# iPhone 7 Plus ios 10 - Uber APP Issue - Support Messages Not Removing From Home Thread



## ByteMe (Oct 16, 2016)

Hi Uber Gurus,

Hope you all are having a great weekend.

So.. Being the tech geek I am I have an issue to report and would appreciate any feedback/suggestions/comments.

When I started driving for Uber I used the Partner App from the drive-now link on my iPhone 6 with ios 10 and all seemed fine. I recently received my new iPhone 7s and installed the partner app. It worked fine for a few days then all of a sudden I saw a message to upgrade to the one in the APP store. I ignored this as suggested in a previous thread. Well then I started seeing that messages I would receive from support that show on the home thread would not disappear when you click on them to read them. So now I have all these messages in my home thread and its irritating because I have to scroll all the way through them to even see my daily total.

I emailed support about this and I got the typical "We are sorry.." blah blah. Suggesting to;
1) Download new app from app store
2) Force close, soft reset phone, erase network setting, uninstall app and reinstall from app store.

Well with all of the above done I still cant get the messages to drop out of my home thread. This weekend was a busy weekend for me and it literally was annoying to check my last trip total as I had to scroll through all the messages in my home thread.

I also noticed this..

1) The Driver APP version on the APP store APP is 3.127.2
2) the Partner APP version the drive-now Uber site is 3.128.0

There is a orange-ish message at the top of the thread on the home tab of the Partner APP that tells us to download the newly updated APP from the APP Store.. Umm hello.. but am I missing something here.. How is the APP Store app "newly updated" when its a version behind the partner APP version?

Any way.. its really annoying that my messages are not deleting from the home thread.

Have you all seen this?
What feedback/comment/suggestions do you all have for me based on the info listed above??

Thanks Folks!


----------



## Matty760 (Nov 9, 2015)

simple, just download the new driver app... it works better than the partner app since its not considered a 3rd party app anymore by apple and doesnt require special profile configuration to run which makes it run better


----------



## UberEatsScooterDude (Oct 4, 2016)

I am having issues with the app too, I cannot for the life of me, work out why I cannot hear the alert made by the app when an order is ready for pick up, yet I CAN hear the navigation through the uber app. It's making me thing it's an issue with the app software and not my brand new device. Any suggestions guys?

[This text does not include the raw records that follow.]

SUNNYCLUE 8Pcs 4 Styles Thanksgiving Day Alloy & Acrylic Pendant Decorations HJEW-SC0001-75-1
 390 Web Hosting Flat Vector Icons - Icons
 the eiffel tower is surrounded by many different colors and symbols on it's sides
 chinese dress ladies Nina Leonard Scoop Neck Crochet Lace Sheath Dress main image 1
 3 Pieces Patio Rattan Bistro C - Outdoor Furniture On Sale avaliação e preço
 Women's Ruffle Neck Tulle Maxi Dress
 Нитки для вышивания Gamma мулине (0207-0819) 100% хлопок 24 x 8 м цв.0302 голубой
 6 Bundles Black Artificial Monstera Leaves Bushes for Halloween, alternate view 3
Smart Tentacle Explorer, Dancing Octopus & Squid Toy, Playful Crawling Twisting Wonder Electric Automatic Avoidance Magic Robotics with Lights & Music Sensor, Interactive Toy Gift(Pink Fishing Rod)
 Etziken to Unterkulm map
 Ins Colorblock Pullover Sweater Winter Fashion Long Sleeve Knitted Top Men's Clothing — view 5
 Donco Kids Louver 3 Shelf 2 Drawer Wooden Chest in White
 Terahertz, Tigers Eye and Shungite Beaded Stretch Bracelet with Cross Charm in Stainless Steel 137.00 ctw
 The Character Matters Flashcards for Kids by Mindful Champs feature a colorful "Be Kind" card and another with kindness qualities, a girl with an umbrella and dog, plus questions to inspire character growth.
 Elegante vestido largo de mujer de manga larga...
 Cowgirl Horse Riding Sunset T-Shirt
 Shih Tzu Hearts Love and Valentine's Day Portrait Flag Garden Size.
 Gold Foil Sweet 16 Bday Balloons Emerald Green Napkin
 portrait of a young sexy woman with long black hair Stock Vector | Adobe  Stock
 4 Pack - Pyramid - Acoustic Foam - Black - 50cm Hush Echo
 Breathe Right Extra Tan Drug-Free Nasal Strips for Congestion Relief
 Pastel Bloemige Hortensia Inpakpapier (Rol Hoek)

Also, what's the "new" driver app you're referring too? I Can't see anything as listed by Uber in the App Store, is it a third party app? Would it work for UberEats too (as I only use my motorcycle to deliver UberEats orders)


----------



## ByteMe (Oct 16, 2016)

Matty760 said:


> simple, just download the new driver app... it works better than the partner app since its not considered a 3rd party app anymore by apple and doesnt require special profile configuration to run which makes it run better


Thanks Matty. I did try the one in the APP store which is how I was able to post the different versions between the two. However; both APPS for me are doing the same thing. And still the one you download from the APP store is a version behind the partner APP.


UberEatsScooterDude said:


> Also, what's the "new" driver app you're referring too? I Can't see anything as listed by Uber in the App Store, is it a third party app? Would it work for UberEats too (as I only use my motorcycle to deliver UberEats orders)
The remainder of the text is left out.